In altre parole, pur essendo i concetti di giusta causa e giustificato motivo diversi da quello di giustificatezza del licenziamento d'un dirigente, nondimeno quest'ultima nozione, ove riferita al contegno del lavoratore, suppone quanto meno una sua inadeguatezza ai compiti assegnatigli o una violazione degli obblighi di correttezza e buona fede che presiedono allo svolgimento del rapporto contrattuale.

Né Cuna né l'altra sono ravvisabili nell'unico episodio su cui la sentenza impugnata ha basato il proprio decisum.

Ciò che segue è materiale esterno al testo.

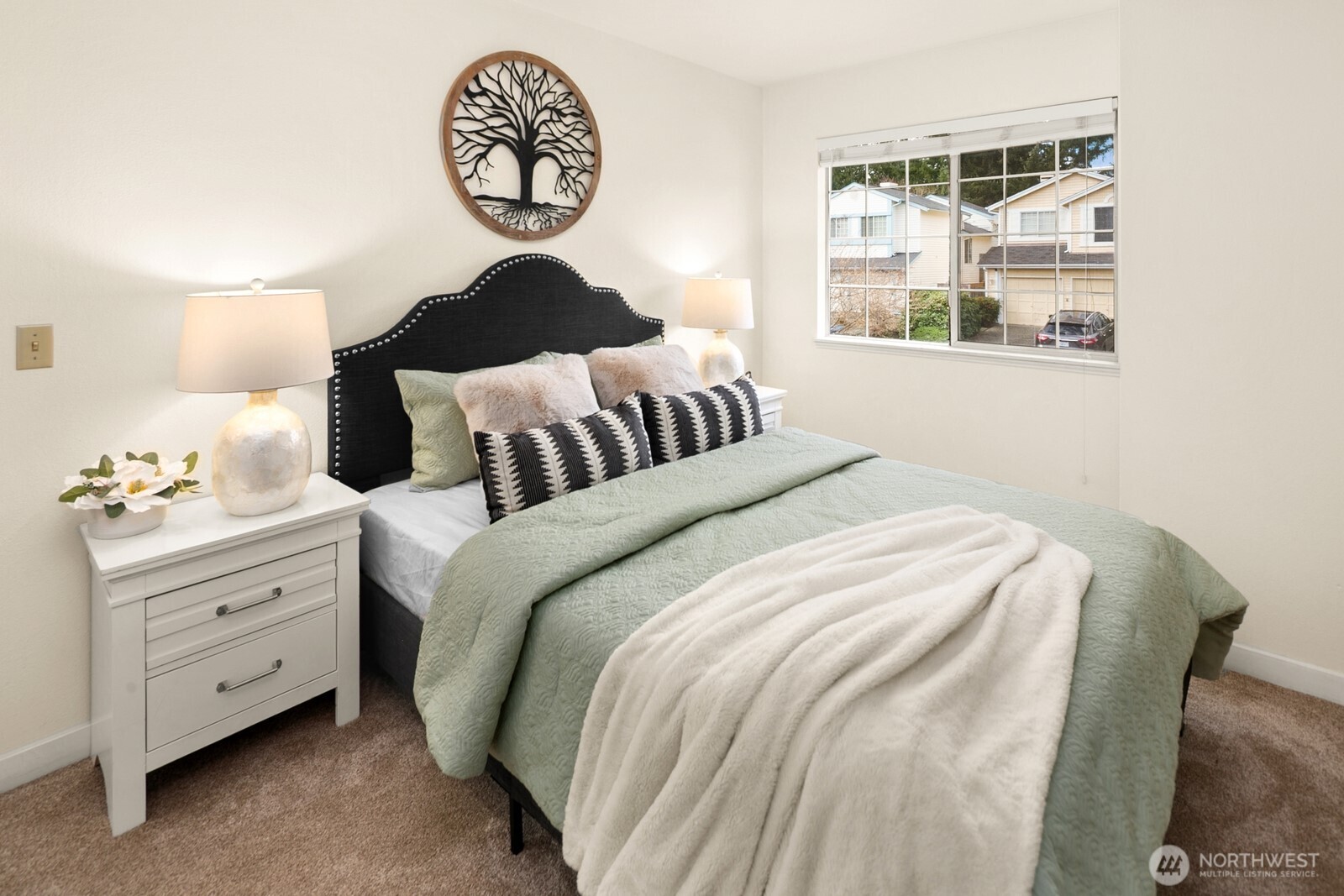 24341 SE 42nd Place , Issaquah, WA 98029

4.2. - L'accoglimento del primo e del quarto motivo assorbe la disamina delle ulteriori censure mosse nel ricorso principale.

5.1. In conclusione, la Corte accoglie il primo e il quarto motivo del ricorso principale, dichiara assorbiti i restanti motivi, rigetta il ricorso incidentale, cassa la sentenza impugnata in relazione ai motivi accolti e rinvia, anche per le spese,  alla Corte d'appello di Roma in diversa composizione, che dovrà limitarsi a quantificare l'indennità supplementare spettante ad A. S..

 

P.Q.M.

 

Accoglie il primo e il quarto motivo del ricorso principale, dichiara assorbiti i restanti motivi, rigetta il ricorso incidentale, cassa la sentenza impugnata in relazione ai motivi accolti e rinvia, anche per le spese, alla Corte d'appello di Roma in diversa composizione.